(Scraped caption text data)

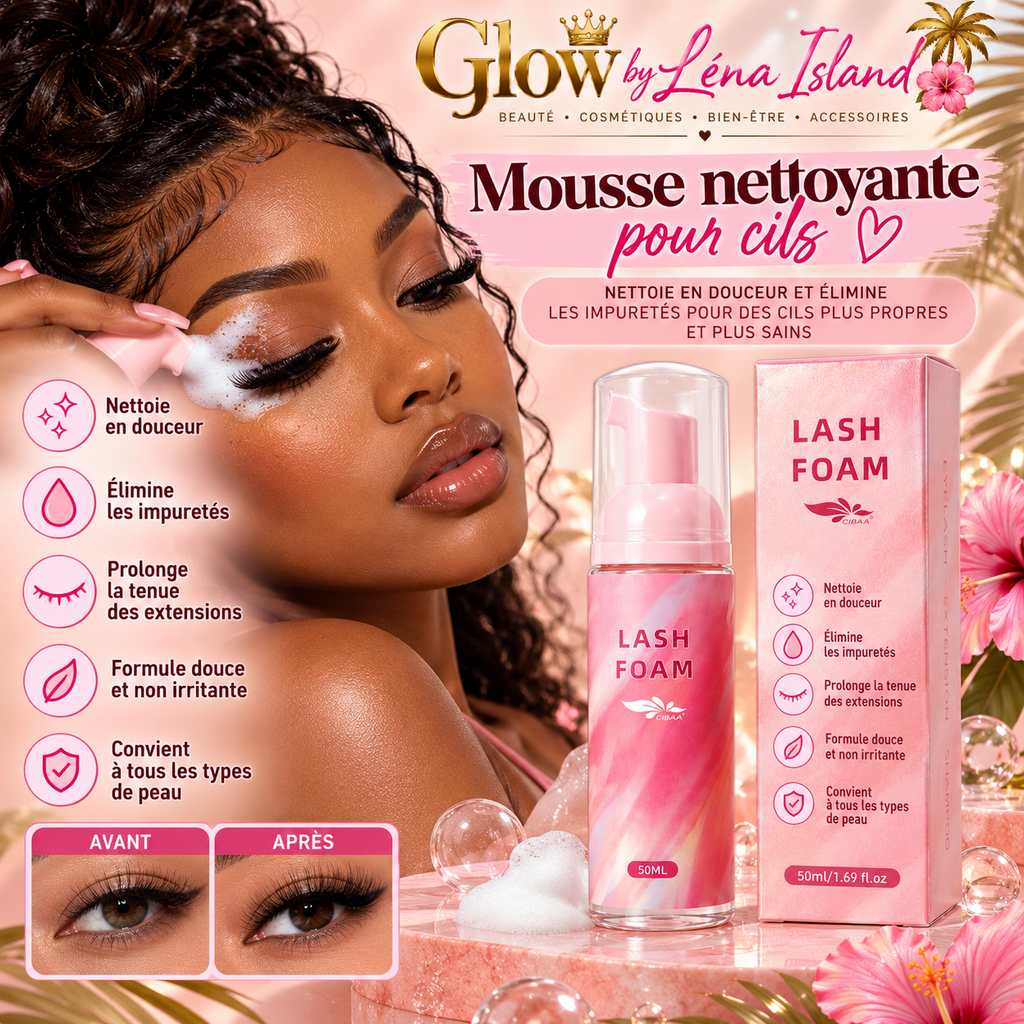 🫧💕Mousse Nettoyante pour Extensions de Cils – Shampooing Doux 50 ml ✨👁️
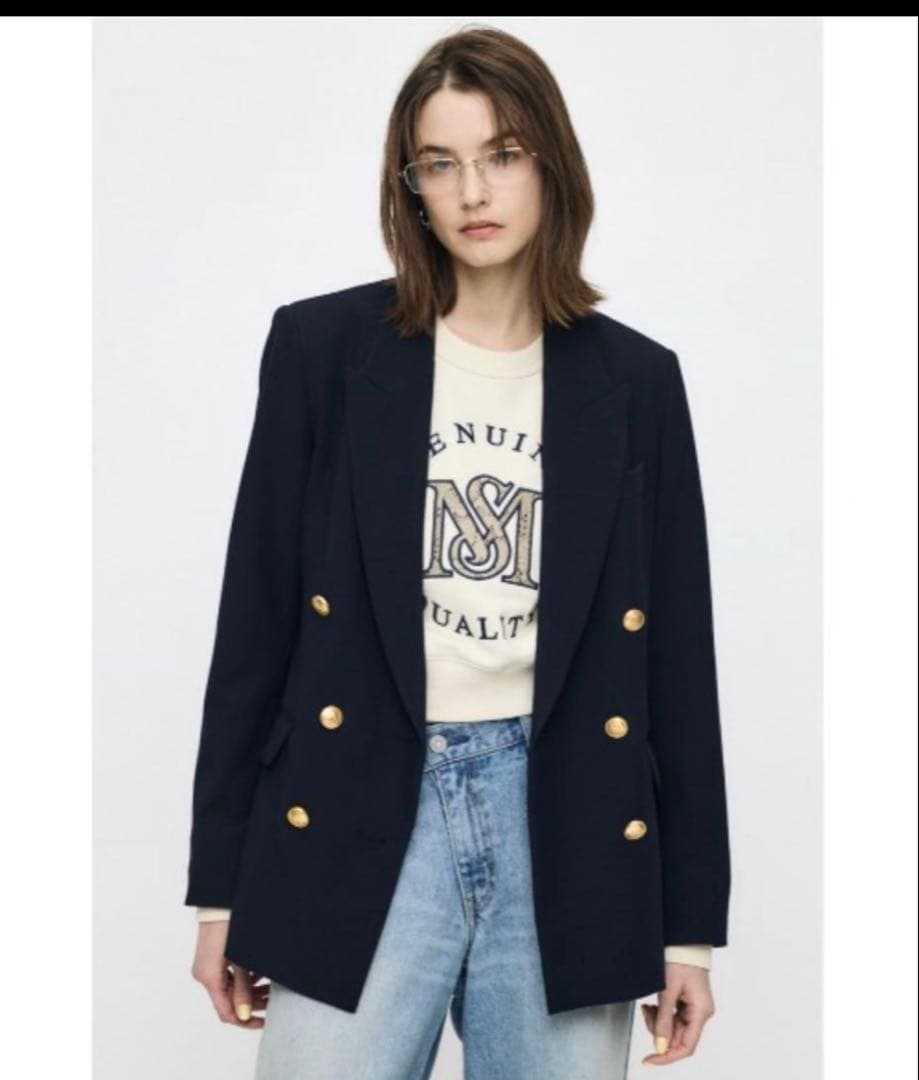 【完売品】26年SS新作moussy DOUBLE BREASTED ジャケット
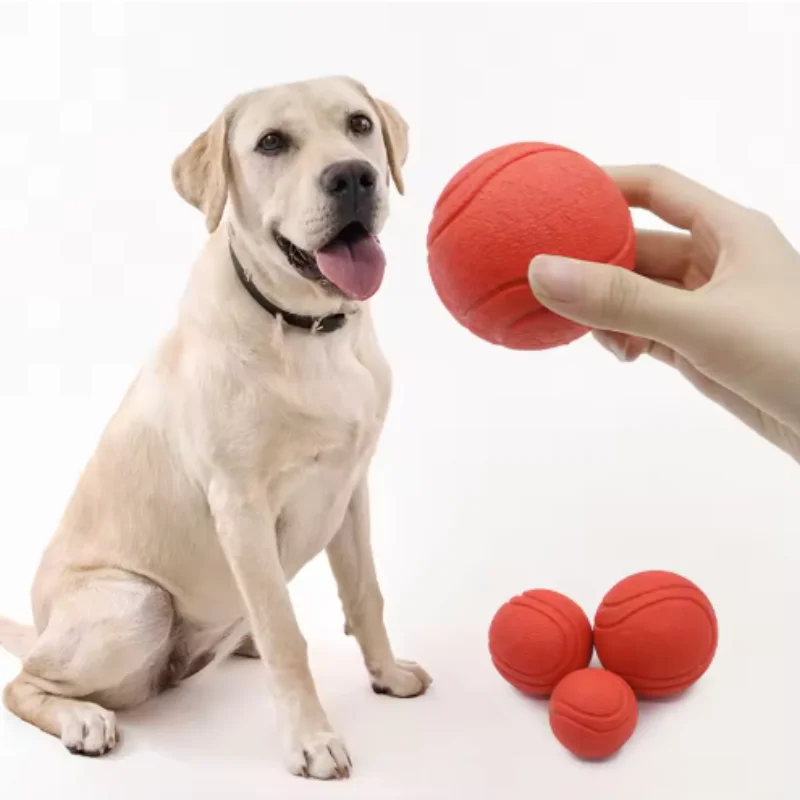 Bite-Resistant Rubber Pet Ball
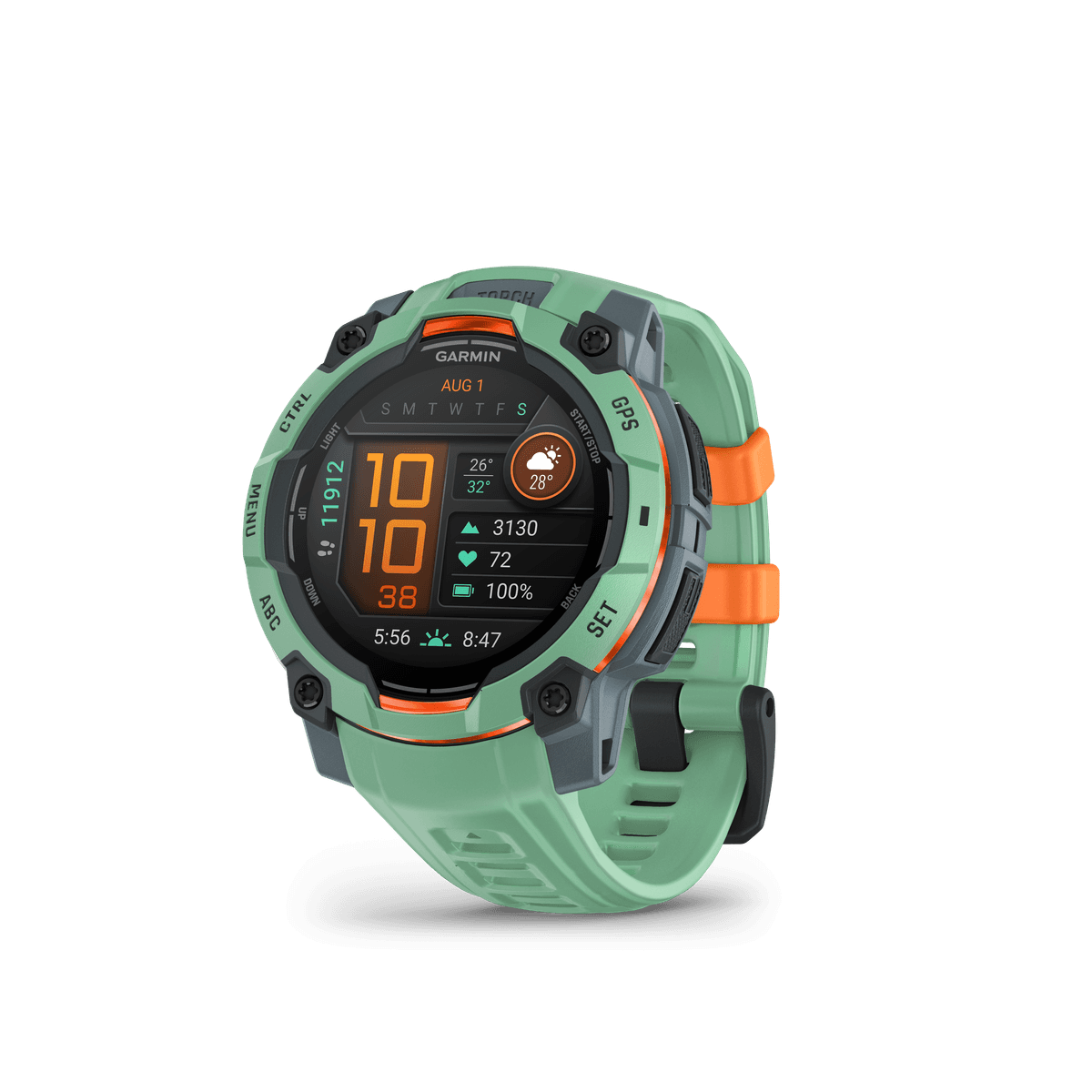 Instinct 3 - 45mm, AMOLED,Neo Tropic Bezel with Neo Tropic Band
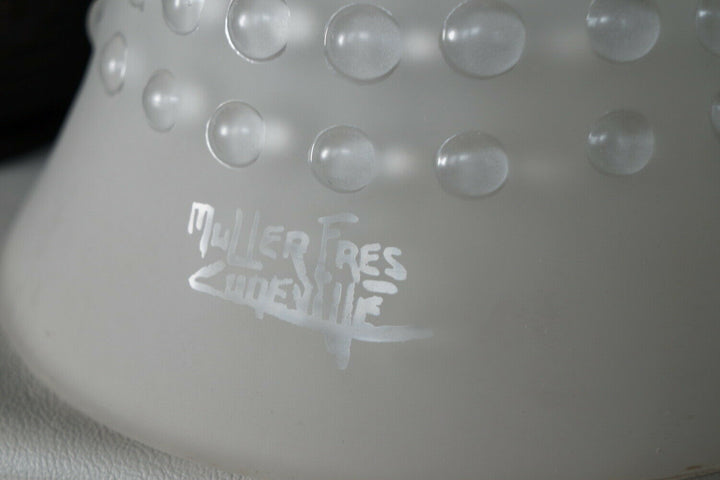 ミューラー兄弟　希少なペアのアールデコランプ　1930年　フランス製　錬鉄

== ASSIGNMENT ==
Make an exact copy of the records above, one that has none of the pictures.

== EXPECTED ANSWER ==
 🫧💕Mousse Nettoyante pour Extensions de Cils – Shampooing Doux 50 ml ✨👁️
 【完売品】26年SS新作moussy DOUBLE BREASTED ジャケット
 Bite-Resistant Rubber Pet Ball
 Instinct 3 - 45mm, AMOLED,Neo Tropic Bezel with Neo Tropic Band
 ミューラー兄弟　希少なペアのアールデコランプ　1930年　フランス製　錬鉄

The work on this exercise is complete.